Task description — The word "from" turns up on some lines of this data; say how many, and give no other text.

Data excerpts —
┌────────

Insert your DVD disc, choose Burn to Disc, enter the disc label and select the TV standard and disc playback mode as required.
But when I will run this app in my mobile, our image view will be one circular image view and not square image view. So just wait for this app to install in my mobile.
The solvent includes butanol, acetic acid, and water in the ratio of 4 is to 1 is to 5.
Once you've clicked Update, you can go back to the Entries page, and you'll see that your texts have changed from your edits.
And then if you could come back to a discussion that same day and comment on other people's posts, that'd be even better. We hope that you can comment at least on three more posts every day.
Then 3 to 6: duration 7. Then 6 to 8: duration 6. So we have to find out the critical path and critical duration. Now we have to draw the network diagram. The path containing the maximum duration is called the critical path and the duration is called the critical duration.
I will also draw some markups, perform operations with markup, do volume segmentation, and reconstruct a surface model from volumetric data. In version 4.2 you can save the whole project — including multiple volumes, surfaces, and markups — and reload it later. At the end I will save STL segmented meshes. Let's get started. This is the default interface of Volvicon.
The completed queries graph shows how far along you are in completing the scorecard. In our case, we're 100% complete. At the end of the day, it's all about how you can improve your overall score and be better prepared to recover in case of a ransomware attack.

└────────
┌────────

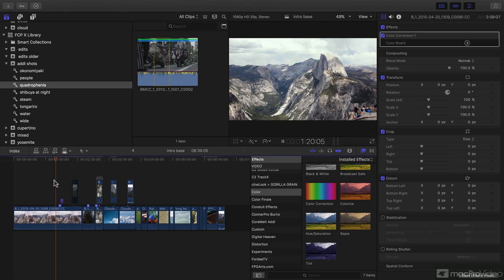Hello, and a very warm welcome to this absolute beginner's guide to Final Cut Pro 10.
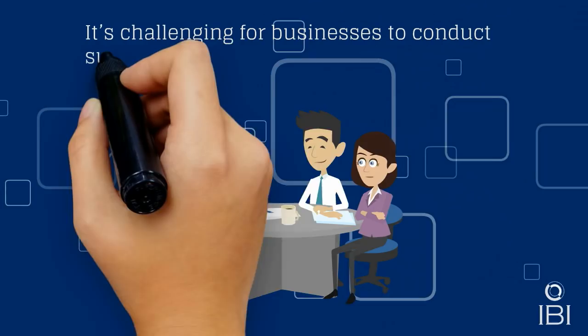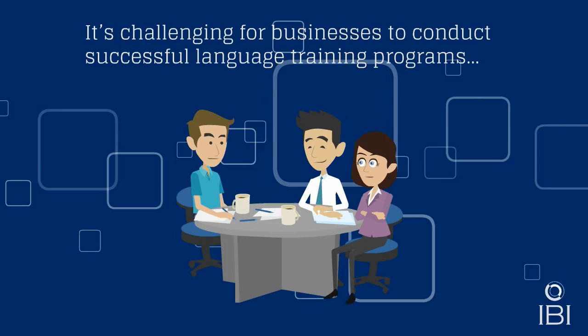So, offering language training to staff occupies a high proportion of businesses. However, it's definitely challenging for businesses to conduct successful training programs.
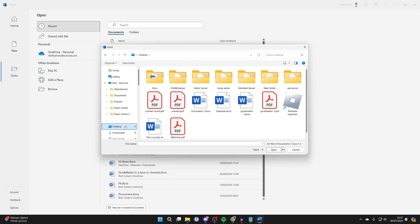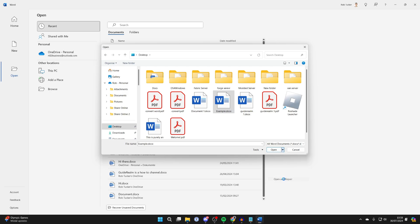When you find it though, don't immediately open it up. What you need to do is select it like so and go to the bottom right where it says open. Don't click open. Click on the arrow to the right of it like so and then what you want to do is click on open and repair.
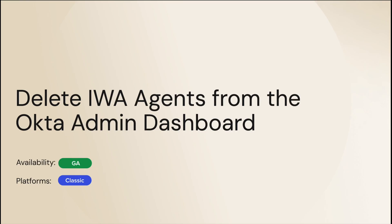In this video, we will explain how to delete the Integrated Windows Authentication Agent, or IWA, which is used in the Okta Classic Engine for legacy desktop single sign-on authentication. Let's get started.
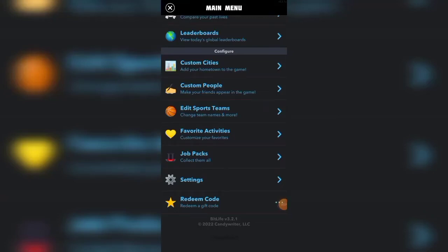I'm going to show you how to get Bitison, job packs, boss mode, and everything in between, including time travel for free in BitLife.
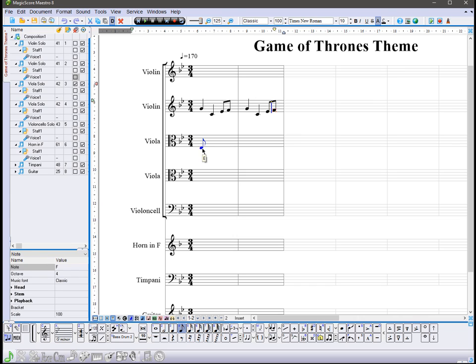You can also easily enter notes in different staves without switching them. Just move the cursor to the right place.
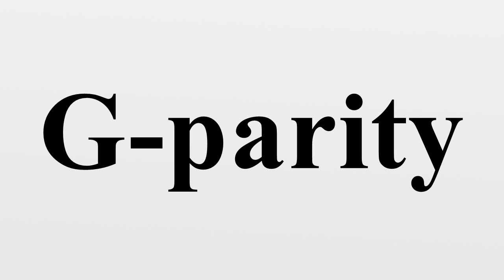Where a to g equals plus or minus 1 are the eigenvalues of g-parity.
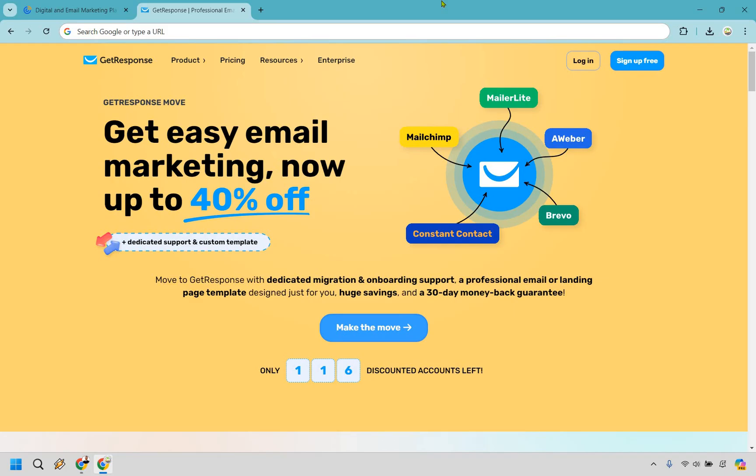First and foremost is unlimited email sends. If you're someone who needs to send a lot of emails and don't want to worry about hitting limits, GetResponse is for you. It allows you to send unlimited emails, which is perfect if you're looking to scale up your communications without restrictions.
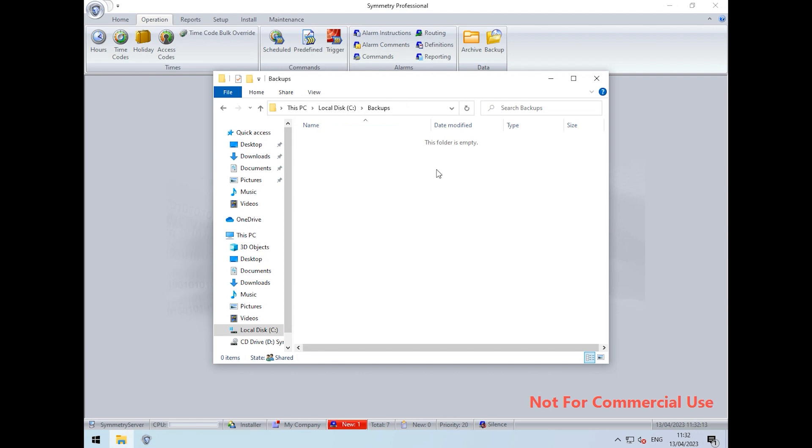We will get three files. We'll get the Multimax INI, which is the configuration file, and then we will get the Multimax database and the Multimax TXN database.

└────────

Response area — 2